In this posthumously-edited version of his dissertation, Berns reveals how Bacon understood his scientific-technological project to surpass both the classical thinkers and Machiavelli in wisdom and ambition. He gives clear accounts of both the many successes of Bacon’s modern project, and the many problems that arise because of the increase in humanity’s scientific-technical knowledge. For those interested in understanding the political philosophy of one of the founders of modern science, along with coming to terms with some of the philosophical problems associated with that science, Berns’s book is indispensable.
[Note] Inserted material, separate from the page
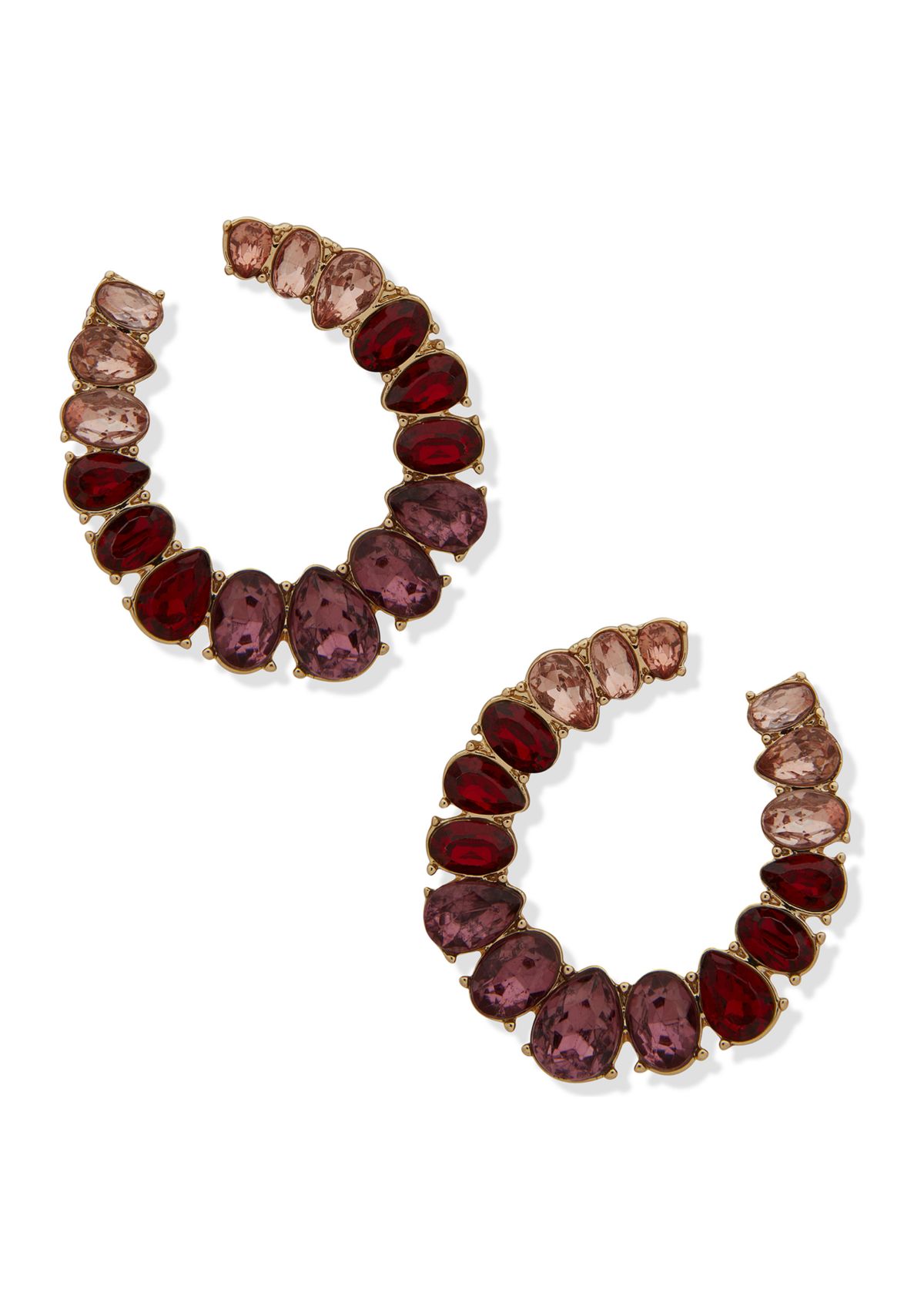 Gold Tone Red Front/Back Stone Stud Earrings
Laurence Berns (1928–2011) was Richard Hammond Elliott Tutor emeritus at St. John’s College, Annapolis, MD. His BA and PhD, both from University of Chicago, culminated in his dissertation on Francis Bacon jointly supervised by the prominent international relations theorist Hans Morgenthau and the prominent political philosopher Leo Strauss, and the basis for our present volume. Berns’s Politics, Nature, and Piety: On the Natural Basis of Political Life, ed. Alex Priou (Philadelphia: Paul Dry Books, 2022) contains fifteen interrelated essays on Plato, Thucydides, Xenophon, Aristotle, Shakespeare, Bacon, Hobbes, Adam Smith, Kant, Husserl, Heidegger et al. Berns is also co-translator, with George Anastaplo, of Plato’s Meno (Focus Philosophical Library / Hackett, 2004). At the time of his untimely death, Berns was completing a translation of Aristotle’s Politics; and a Festschrift, The Companionship of Books: Essays in Honor of Laurence Berns, ed. Alan Udoff, Sharon Portnoff, and Martin D. Yaffe (Lexington Books, 2012), was being compiled in his honor.
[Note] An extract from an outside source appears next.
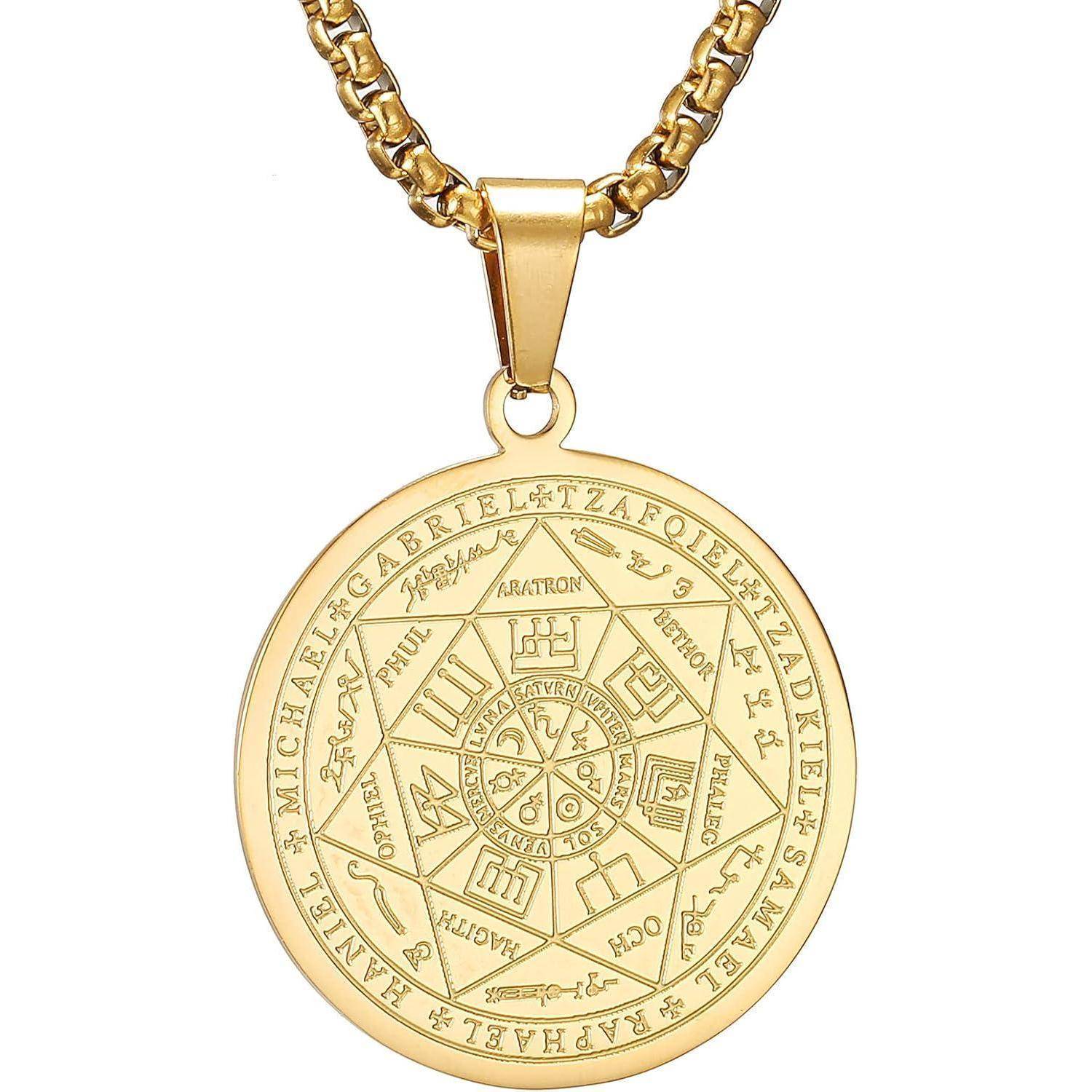 AFSTALR Halskette Herren 7 Erzengel Siegel Medaille Talisman Siegel der Sieben Erzengel Amulett Ketten Anhänger Edelstahl Solomon Schmuck für Herren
Nathan Dinneen (BA and MA, University of North Texas; PhD, Northern Illinois University) is Associate Professor of Political Science at Rochester Institute of Technology. His research and teaching interests focus on the intersection of political theory and international relations, often with an emphasis on the politics associated with science and technology. His journal publications have appeared in International Studies Quarterly; Polis: The Journal for Ancient Greek and Roman Political Thought; Environmental Politics; Perspectives on Political Science; Cosmos and History: The Journal of Natural and Social Philosophy; and Politics and the Life Sciences.
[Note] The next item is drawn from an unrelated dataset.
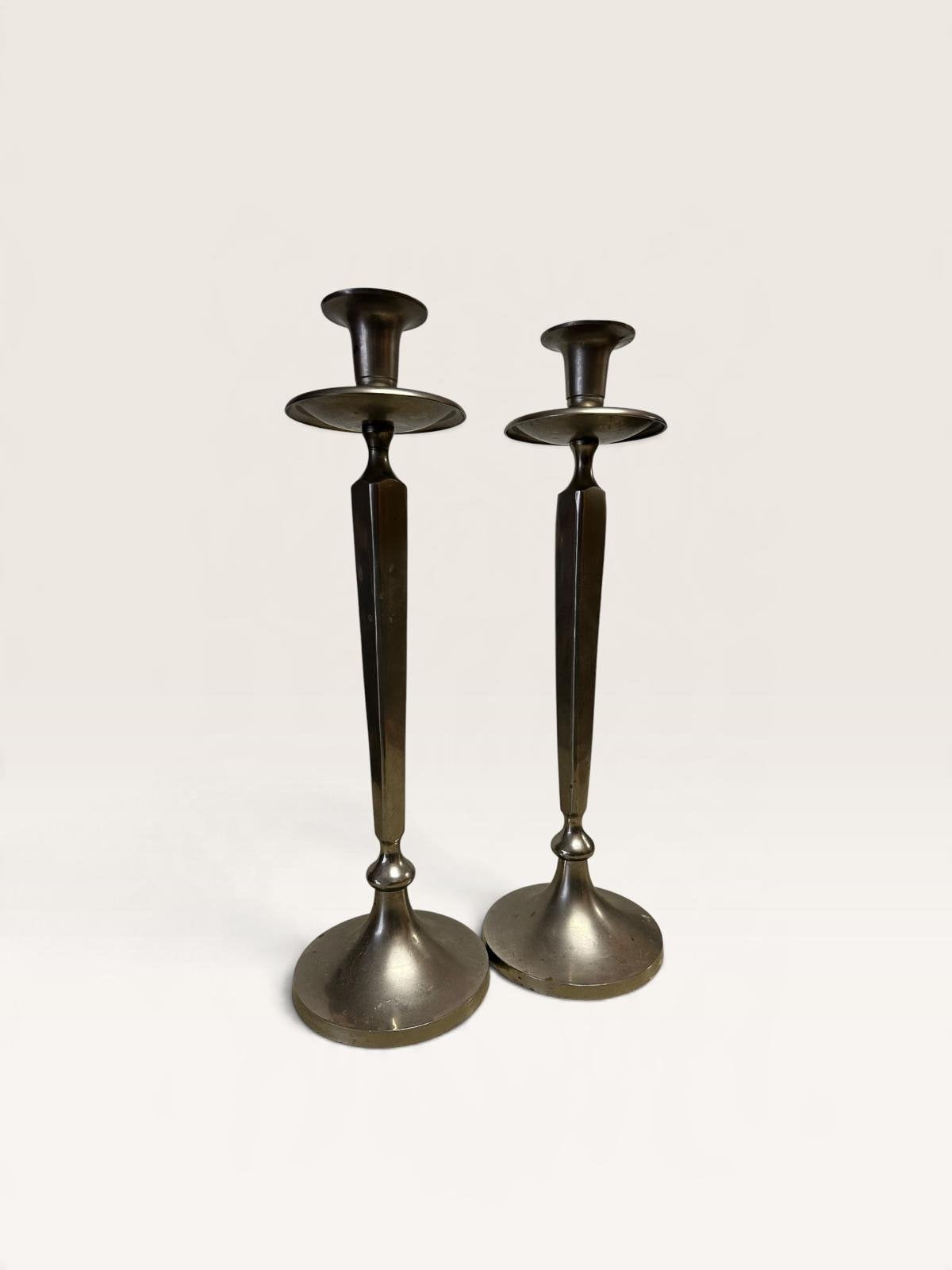 Set van 2 vintage zware kandelaars, Ophalen of Verzenden, Overige materialen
Martin D. Yaffe (BA, University of Toronto; PhD, Claremont Graduate Center) is Professor of Philosophy and Religion at University of North Texas. His scholarly inquiries concern political philosophy and Jewish thought. He is author of Shylock and the Jewish Question (Johns Hopkins University Press, 1997) and of Leo Strauss on Moses Mendelssohn (University of Chicago Press, 2012); co-translator of Thomas Aquinas, Literal Exposition on the Book of Job (Scholars Press/Oxford University Press, 1989); editor of Judaism and Environmental Ethics: A Reader (Lexington Books, 2001); and translator of Benedict Spinoza, Theologico-Political Treatise (Focus Philosophical Library / Hackett, 2004). He is also co-editor of Emil Fackenheim—Philosopher, Theologian, Jew (Brill, 2008); The Companionship of Books: Essays in Honor of Laurence Berns (Lexington Books, 2012); Reorientation: Leo Strauss in the 1930s (Palgrave Macmillan, 2014); Civil Religion in Modern Political Philosophy: Machiavelli to Tocqueville (Pennsylvania State University Press, 2020); and Emil Fackenheim’s Post-Holocaust Thought and its Philosophical Sources (University of Toronto Press, 2021).